What you should do: Begin at the first line of the records below and, please, give each line again exactly until the line with "Papier peint Fleur" is included.

*** Opening of Supplied data ***

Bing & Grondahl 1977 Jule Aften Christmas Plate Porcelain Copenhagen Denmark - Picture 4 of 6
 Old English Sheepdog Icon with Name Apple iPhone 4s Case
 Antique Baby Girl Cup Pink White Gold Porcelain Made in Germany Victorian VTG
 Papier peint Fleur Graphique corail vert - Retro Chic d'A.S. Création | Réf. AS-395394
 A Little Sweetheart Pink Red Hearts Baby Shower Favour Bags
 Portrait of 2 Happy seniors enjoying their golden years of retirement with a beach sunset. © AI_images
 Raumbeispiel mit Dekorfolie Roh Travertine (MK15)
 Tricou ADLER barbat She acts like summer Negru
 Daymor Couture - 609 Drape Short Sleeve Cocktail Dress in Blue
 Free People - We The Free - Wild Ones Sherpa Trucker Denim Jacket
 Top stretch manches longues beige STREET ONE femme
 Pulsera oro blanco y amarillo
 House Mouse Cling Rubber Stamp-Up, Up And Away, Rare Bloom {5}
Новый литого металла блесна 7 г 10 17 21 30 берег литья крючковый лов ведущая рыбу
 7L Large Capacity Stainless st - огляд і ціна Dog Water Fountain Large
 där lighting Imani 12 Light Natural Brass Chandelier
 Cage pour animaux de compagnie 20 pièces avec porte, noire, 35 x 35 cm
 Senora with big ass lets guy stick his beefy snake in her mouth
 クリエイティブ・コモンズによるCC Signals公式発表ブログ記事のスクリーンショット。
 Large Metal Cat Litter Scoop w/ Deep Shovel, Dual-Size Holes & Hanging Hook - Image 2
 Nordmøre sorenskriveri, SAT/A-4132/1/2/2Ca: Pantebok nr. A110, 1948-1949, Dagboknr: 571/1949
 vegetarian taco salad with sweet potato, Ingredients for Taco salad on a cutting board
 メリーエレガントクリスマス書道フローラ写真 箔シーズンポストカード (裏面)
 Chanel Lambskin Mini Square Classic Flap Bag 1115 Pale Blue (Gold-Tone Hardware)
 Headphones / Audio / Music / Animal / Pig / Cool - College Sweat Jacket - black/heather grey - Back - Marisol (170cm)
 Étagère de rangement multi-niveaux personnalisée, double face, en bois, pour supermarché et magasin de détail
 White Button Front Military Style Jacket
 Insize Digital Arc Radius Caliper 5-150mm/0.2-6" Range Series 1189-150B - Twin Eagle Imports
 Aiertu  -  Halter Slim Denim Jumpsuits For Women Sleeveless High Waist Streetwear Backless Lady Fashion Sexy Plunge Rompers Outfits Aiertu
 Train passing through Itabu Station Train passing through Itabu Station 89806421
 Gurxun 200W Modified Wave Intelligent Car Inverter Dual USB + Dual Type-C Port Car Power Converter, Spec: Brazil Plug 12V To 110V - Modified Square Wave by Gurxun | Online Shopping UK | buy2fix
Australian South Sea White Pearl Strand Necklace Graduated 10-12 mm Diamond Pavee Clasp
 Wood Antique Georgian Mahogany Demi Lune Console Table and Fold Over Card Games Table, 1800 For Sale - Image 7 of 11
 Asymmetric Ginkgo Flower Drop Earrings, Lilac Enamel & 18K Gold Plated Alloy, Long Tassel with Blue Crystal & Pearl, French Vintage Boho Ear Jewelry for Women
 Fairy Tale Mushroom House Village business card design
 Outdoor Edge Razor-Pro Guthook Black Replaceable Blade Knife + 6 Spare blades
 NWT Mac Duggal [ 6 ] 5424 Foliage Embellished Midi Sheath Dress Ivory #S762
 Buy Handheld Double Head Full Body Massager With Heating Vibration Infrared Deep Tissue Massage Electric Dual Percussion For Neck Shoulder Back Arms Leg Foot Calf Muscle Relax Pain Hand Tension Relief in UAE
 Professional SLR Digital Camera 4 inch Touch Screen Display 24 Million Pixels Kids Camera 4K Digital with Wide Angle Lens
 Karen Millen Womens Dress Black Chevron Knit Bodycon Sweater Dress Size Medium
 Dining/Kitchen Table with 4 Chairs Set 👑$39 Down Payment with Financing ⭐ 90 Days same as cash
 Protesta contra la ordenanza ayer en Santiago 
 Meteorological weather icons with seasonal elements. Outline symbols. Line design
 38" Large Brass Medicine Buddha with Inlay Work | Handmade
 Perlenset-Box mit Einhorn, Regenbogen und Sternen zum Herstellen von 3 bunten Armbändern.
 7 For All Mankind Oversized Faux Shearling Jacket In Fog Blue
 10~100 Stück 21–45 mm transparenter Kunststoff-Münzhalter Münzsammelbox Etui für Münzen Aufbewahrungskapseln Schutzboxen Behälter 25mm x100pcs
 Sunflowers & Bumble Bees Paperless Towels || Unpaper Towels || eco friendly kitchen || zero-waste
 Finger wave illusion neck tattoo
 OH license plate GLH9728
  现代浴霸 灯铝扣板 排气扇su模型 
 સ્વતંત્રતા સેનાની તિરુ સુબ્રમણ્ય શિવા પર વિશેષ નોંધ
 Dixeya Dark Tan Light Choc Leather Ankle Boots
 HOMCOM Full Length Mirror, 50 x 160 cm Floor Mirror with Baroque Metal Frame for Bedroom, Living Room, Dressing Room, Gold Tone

*** Close of Supplied data ***

Exercise output:
Bing & Grondahl 1977 Jule Aften Christmas Plate Porcelain Copenhagen Denmark - Picture 4 of 6
 Old English Sheepdog Icon with Name Apple iPhone 4s Case
 Antique Baby Girl Cup Pink White Gold Porcelain Made in Germany Victorian VTG
 Papier peint Fleur Graphique corail vert - Retro Chic d'A.S. Création | Réf. AS-395394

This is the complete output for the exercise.